Jin Guangshan was the former leader of the Jin Clan whose ambitions rivaled Wen Ruohan's. He viciously punished the remainder of the Wen Clan after the war and clashed with Wei Wuxian over their treatment. A womanizer, he had three known children from affairs: Meng Yao, Mo Xuanyu, and Qin Su. Jin Zixuan was his only legitimate son until he legitimized Meng Yao.

Jin Zixuan (金子轩)
Voiced by: Liu Mingyue (Chinese drama cd), Gu Jiangshan (Chinese du ), Kim Hyun-wook (Korean dub), Hiroki Takahashi (Japanese drama cd), Kenji Akabane (Japanese dub)
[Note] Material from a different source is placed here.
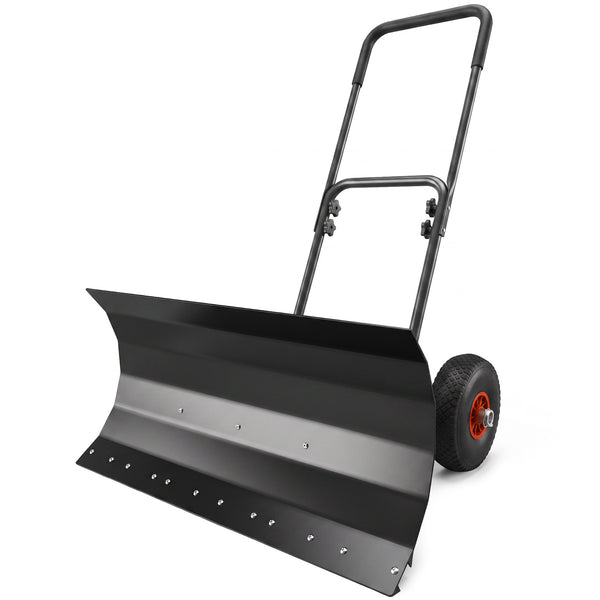 Snow Shovel with Wheels, 29" x 16.5" Heavy Duty Metal Snow Pusher with 5-Level Adjustable Handle, 5-Angle Blade and Non-Slip Grip, for Driveway, Sidewalks, Garden, Deck, Black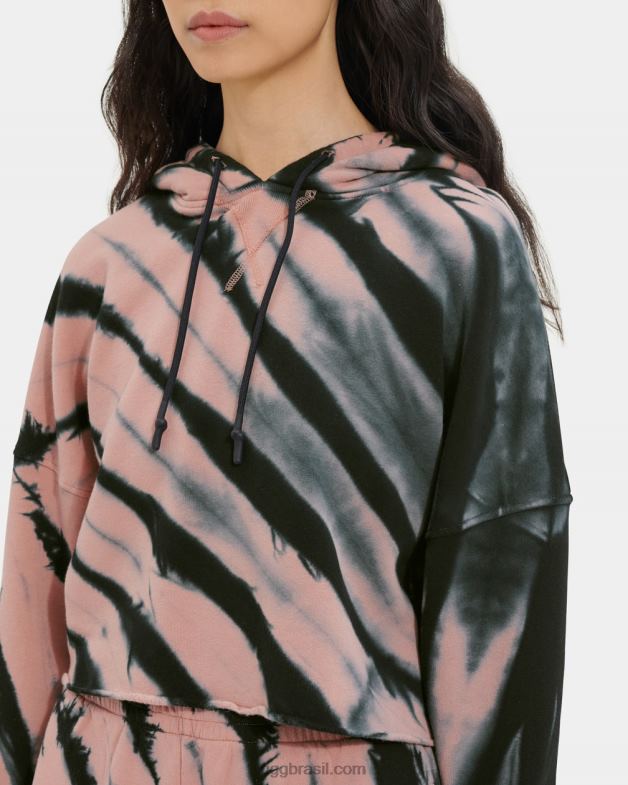woodrose 4VTTD128 UGG mulheres keira cropped hoodie tie dye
Jin Zixuan was Jin Guangshan's son and heir to the Jin Clan, as well as Jiang Yanli's husband and the father of Jin Ling. He initially clashed with Wei Wuxian due to his brash personality.
An outstanding talent, Jin Zixuan initially disdained the betrothal he had to Jiang Yanli, whom he viewed as unremarkable, but he gradually grew to love her after understanding her true character. He died when Jin Ling was still a toddler.

Qin Su (秦愫)
Qin Su is the wife of Jin Guangyao and the daughter of Qin Cangye, the leader of the Laoling Qin Clan, a subsidiary of the Jin Clan. They married after Jin Guangyao saved her life during the war.

Mo Xuanyu (莫玄羽)
Voiced by: Tong Xin (Chinese drama cd), Zhang Jie (Chinese dub), Shim Gyu-hyuk (Korean dub), Nakayama Kazuhisa (Japanese drama cd), Ryohei Kimura (Japanese dub)
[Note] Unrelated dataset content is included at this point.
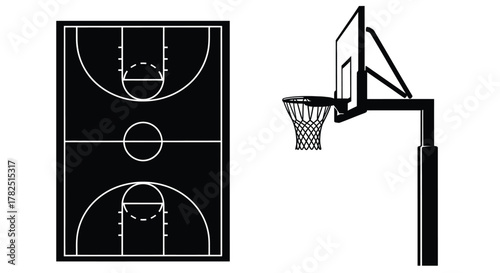 Simple black and white illustration of a basketball court and hoop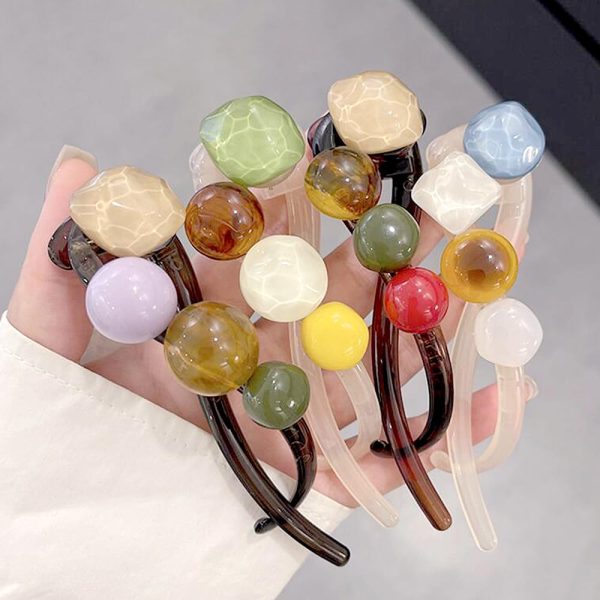 4pcs Banana Clips,Colorful Gemstone Hair Clips,Fashion Banana Hair - Image 2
Mo Xuanyu was one of Jin Guangshan's illegitimate sons and a former disciple of the Jin Clan. He sacrificed his soul to summon Wei Wuxian to exact revenge on the Mo family for abusing him. In his living days, he was seen as a lunatic and a "cut-sleeve."

===Qinghe Nie Clan===
Nie Clan of Qinghe (清河聂氏) is a cultivation clan that resides in the Unclean Realm.

Nie Huaisang (聂怀桑)
Voiced by: Qi Sijia (Chinese drama cd), Liu Sanmu (Chinese dub), Kim Myung-jun (Korean dub), Yoshitsugu Matsuoka (Japanese drama cd), Natsuki Hanae (Japanese dub)

Nie Huaisang is the current leader of the Nie Clan and the younger half-brother of Nie Mingjue, as well as an old school friend of Wei Wuxian with whom he often slacked off. Known for his incompetence, he is widely called Head Shaker (一问三不知, lit. 'one question, three "don't know"s').

Nie Mingjue (聂明玦)
Voiced by: Feng Sheng zh] (Chinese drama cd), Guan Shu'ai (Chinese dub), Lee Hyeon (Korean dub), Kenjiro Tsuda (Japanese drama cd), Hiroshi Shirokuma (Japanese dub)
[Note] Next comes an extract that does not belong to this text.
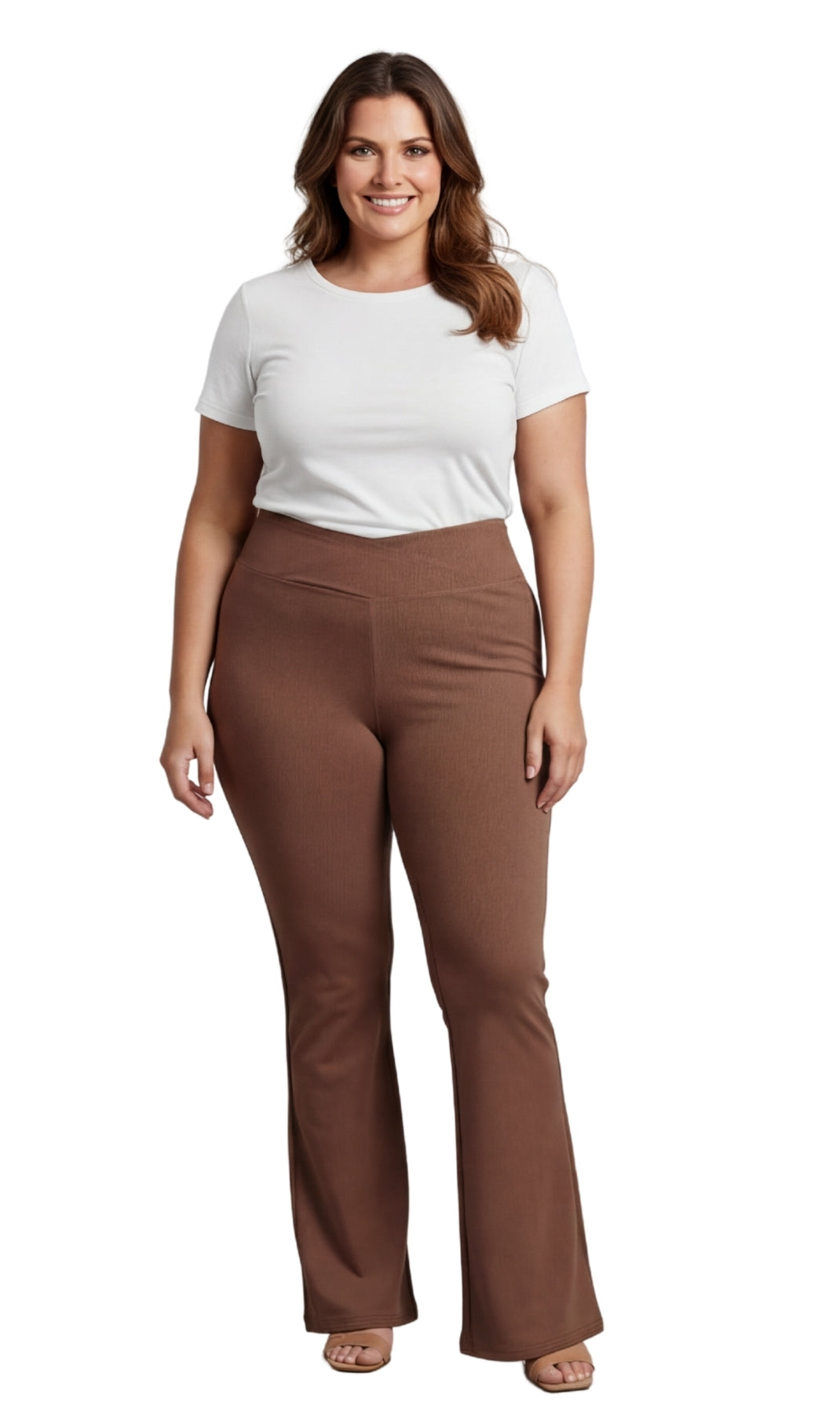 Women's Pull-on Cotton Stretch Bootcut Flare Leggings with a Crossover waistband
Titled Chifeng-Zun (赤锋尊), Nie Mingjue was the former leader of the Nie Clan and the older half-brother of Nie Huaisang. He is one of the Three Zun alongside his sworn brothers Jin Guangyao and Lan Xichen. He was strict with a bad temper and an intolerance for anything deviating from his definition of morality. He publicly experienced a qi deviation, common in his clan, and disappeared soon thereafter. He is presumed dead at the beginning of the novel.

===Qishan Wen Clan===
Wen Clan of Qishan (岐山温氏) is a cultivation clan based in the Nightless City (不夜天城). The clan was destroyed during the Sunshot Campaign, where some survivors, specifically Wen Ning and Wen Qing's family branch, were taken under the wing of Wuxian.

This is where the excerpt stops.